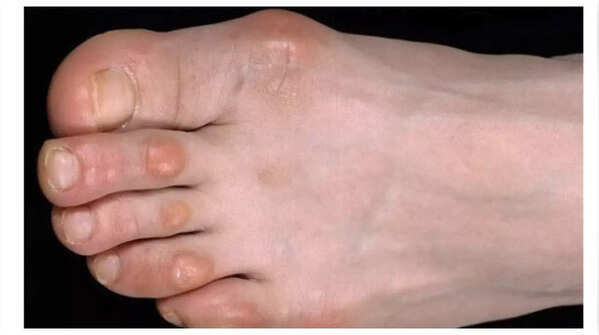 Painful lumps on fingers or toes could be a sign of heart problems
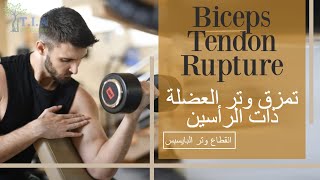تمزق وتر العضلة ذات الرأسين    biceps tendon rupture (subtitled)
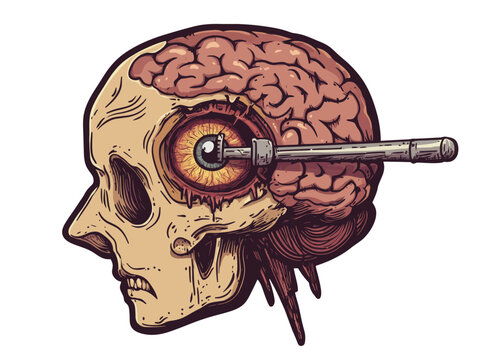 Modern illustration of neurosurgical treatment in brain diagram schematic, including leucotomy and lobotomy, for medical science education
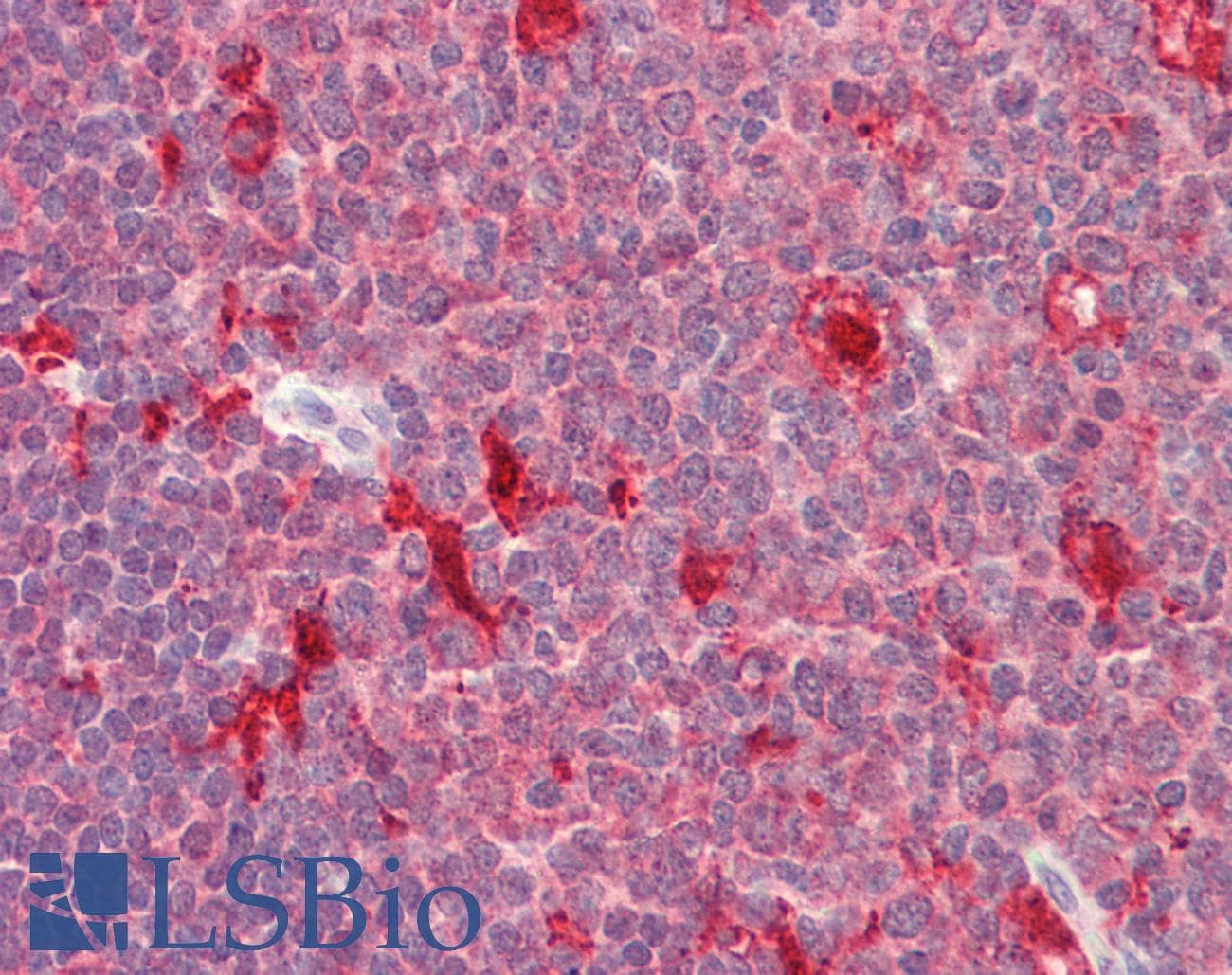 IHC-plus™ PDXP / Pyridoxal Phosphatase Antibody (aa275-286)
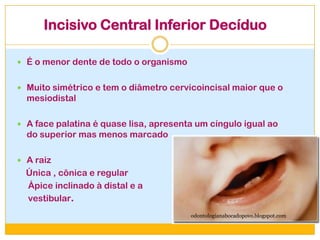 Incisivo Central Inferior Decíduo
 É o menor dente de todo o organismo
 Muito simétrico e tem o diâmetro cervicoincisal maior que o
mesiodistal
 A face palatina é quase lisa, apresenta um cíngulo igual ao
do superior mas menos marcado
 A raiz
Única , cônica e regular
Ápice inclinado à distal e a
vestibular.
odontologianabocadopovo.blogspot.com
 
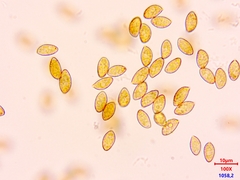 Phlegmacium balteatocumatile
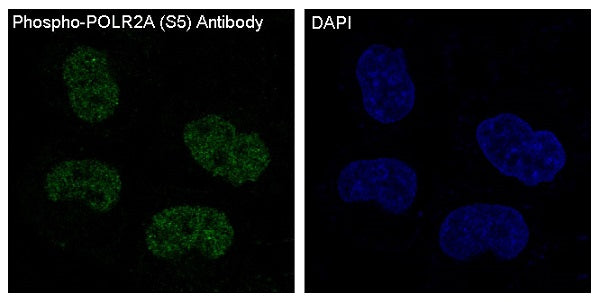 Anti-Phospho-RNA Polymerase II Subunit B1 (Ser5) Rabbit Polyclonal Antibody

******

▸ EXERCISE DIRECTIONS:
From the line containing "Ápice inclinado à distal e a" down to the last line of the data, print every line exactly and nothing else. Pictures stay out of the copy.

▸ EXERCISE ANSWER:
Ápice inclinado à distal e a
vestibular.
odontologianabocadopovo.blogspot.com
 
 Phlegmacium balteatocumatile
 Anti-Phospho-RNA Polymerase II Subunit B1 (Ser5) Rabbit Polyclonal Antibody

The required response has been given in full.